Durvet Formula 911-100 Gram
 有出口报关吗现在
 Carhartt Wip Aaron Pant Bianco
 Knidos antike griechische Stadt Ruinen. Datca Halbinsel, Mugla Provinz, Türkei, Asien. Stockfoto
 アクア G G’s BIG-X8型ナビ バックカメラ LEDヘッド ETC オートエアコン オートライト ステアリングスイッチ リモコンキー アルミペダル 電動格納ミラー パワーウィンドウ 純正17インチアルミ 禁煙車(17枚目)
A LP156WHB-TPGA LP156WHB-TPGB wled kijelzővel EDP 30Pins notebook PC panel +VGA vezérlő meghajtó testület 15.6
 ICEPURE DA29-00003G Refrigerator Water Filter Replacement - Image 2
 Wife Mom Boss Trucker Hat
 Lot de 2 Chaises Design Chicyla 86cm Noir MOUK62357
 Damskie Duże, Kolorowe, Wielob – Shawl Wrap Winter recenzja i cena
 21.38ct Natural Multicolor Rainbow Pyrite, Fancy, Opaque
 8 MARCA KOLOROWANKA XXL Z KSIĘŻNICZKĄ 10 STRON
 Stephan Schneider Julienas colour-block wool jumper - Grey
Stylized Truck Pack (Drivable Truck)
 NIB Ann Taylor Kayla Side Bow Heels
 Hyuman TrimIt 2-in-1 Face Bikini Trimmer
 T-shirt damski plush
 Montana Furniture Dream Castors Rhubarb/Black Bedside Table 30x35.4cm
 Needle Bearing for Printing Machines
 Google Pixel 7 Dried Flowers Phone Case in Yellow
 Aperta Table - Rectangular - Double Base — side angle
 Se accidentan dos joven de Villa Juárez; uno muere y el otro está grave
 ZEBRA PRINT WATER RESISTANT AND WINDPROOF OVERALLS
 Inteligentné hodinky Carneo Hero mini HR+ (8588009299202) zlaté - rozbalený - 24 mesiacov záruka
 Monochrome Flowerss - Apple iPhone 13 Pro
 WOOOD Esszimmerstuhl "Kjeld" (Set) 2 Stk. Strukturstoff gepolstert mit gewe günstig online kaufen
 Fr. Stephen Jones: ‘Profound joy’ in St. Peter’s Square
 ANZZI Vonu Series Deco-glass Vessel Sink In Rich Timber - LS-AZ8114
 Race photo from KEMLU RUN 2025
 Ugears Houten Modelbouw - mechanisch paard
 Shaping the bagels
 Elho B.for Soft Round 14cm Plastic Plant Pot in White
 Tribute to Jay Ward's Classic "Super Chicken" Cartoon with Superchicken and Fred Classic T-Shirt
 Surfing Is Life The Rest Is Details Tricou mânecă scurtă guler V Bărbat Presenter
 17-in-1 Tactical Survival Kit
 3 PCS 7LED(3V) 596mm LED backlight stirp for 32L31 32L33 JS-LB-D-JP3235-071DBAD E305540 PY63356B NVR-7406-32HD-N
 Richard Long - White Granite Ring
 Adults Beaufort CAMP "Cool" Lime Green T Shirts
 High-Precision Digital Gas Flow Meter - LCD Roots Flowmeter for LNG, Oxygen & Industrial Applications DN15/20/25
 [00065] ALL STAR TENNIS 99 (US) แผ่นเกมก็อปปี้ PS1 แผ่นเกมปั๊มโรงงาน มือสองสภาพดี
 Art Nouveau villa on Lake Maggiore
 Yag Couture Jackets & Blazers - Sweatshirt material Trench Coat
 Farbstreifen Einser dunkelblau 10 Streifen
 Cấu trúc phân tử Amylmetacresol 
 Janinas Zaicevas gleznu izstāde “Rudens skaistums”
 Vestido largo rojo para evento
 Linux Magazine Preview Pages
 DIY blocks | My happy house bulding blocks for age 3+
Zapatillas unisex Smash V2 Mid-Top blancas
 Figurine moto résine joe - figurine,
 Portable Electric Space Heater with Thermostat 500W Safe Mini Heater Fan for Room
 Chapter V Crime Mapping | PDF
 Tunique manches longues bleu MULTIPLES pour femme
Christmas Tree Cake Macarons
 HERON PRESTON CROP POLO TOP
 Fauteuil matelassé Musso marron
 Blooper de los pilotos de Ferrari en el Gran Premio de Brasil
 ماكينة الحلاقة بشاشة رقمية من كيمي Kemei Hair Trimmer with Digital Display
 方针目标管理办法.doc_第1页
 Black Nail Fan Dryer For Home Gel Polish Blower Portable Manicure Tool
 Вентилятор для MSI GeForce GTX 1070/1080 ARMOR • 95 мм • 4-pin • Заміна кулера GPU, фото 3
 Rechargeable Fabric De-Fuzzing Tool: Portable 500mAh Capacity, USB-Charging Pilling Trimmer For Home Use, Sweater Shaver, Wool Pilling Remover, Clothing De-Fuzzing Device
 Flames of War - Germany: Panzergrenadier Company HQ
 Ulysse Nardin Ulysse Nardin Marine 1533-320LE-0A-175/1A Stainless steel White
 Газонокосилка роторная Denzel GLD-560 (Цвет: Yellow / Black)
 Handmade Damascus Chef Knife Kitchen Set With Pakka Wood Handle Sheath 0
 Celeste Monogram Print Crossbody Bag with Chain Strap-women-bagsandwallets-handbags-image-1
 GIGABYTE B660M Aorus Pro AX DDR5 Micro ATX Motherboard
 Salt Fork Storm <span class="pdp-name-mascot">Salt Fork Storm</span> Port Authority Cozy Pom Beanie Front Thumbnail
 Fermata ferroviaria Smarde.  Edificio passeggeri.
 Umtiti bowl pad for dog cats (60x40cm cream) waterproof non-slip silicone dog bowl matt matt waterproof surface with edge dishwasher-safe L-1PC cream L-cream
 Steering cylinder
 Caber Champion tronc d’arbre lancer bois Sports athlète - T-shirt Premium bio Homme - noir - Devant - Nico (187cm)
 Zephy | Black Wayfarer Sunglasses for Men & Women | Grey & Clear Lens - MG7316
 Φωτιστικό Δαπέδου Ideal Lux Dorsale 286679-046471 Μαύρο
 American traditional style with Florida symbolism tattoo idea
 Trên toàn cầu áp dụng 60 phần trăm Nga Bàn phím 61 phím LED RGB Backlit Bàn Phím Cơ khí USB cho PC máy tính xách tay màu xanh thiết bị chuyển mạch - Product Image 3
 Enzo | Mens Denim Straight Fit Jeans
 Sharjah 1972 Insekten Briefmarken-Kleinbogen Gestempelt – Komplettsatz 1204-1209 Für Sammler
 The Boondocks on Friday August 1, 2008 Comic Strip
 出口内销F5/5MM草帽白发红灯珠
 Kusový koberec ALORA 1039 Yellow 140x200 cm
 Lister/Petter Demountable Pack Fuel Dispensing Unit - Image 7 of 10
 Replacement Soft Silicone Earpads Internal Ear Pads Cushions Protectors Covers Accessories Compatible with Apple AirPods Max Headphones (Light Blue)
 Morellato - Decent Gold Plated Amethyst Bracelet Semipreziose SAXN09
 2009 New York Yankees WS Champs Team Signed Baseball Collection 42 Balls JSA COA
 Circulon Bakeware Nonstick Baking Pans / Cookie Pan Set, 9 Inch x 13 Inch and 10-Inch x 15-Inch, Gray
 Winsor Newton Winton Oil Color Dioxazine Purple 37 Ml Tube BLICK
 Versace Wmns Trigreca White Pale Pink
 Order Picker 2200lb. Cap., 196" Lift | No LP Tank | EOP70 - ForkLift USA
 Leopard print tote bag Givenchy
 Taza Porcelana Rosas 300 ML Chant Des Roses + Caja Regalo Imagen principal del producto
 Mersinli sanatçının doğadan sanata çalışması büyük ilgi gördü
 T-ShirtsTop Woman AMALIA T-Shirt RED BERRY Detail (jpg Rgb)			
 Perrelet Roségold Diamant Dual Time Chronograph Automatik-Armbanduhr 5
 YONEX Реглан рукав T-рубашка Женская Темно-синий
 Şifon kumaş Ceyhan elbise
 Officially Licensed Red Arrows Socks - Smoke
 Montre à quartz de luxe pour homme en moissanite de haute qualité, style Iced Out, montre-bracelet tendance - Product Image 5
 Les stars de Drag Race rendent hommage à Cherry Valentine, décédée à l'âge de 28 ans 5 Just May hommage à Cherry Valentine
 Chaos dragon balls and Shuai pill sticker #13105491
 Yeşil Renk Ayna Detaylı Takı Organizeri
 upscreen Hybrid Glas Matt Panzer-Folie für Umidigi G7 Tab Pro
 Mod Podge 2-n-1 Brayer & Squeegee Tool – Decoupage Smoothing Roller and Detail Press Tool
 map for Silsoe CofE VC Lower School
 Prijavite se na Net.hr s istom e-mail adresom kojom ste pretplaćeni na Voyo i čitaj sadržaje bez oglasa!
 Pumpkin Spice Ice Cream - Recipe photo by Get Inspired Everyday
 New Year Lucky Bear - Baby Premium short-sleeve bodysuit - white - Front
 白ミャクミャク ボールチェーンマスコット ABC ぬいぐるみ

Work order: Locate the lines above that hold the word "Apple". Show every one of them.

Your response:
 Monochrome Flowerss - Apple iPhone 13 Pro
 Replacement Soft Silicone Earpads Internal Ear Pads Cushions Protectors Covers Accessories Compatible with Apple AirPods Max Headphones (Light Blue)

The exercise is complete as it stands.